ACTIVITY » Transcribe each entry. Change nothing.

INFORMATION PROVIDED Block Start

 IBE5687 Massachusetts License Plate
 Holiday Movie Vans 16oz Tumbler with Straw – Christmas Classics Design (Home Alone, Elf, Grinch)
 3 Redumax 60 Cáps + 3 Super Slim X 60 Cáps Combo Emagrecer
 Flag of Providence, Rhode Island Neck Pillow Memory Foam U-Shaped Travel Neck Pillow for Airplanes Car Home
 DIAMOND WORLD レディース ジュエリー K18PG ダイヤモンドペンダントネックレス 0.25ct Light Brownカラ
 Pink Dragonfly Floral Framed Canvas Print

INFORMATION PROVIDED Block End

ANSWER SECTION »
 IBE5687 Massachusetts License Plate
 Holiday Movie Vans 16oz Tumbler with Straw – Christmas Classics Design (Home Alone, Elf, Grinch)
 3 Redumax 60 Cáps + 3 Super Slim X 60 Cáps Combo Emagrecer
 Flag of Providence, Rhode Island Neck Pillow Memory Foam U-Shaped Travel Neck Pillow for Airplanes Car Home
 DIAMOND WORLD レディース ジュエリー K18PG ダイヤモンドペンダントネックレス 0.25ct Light Brownカラ
 Pink Dragonfly Floral Framed Canvas Print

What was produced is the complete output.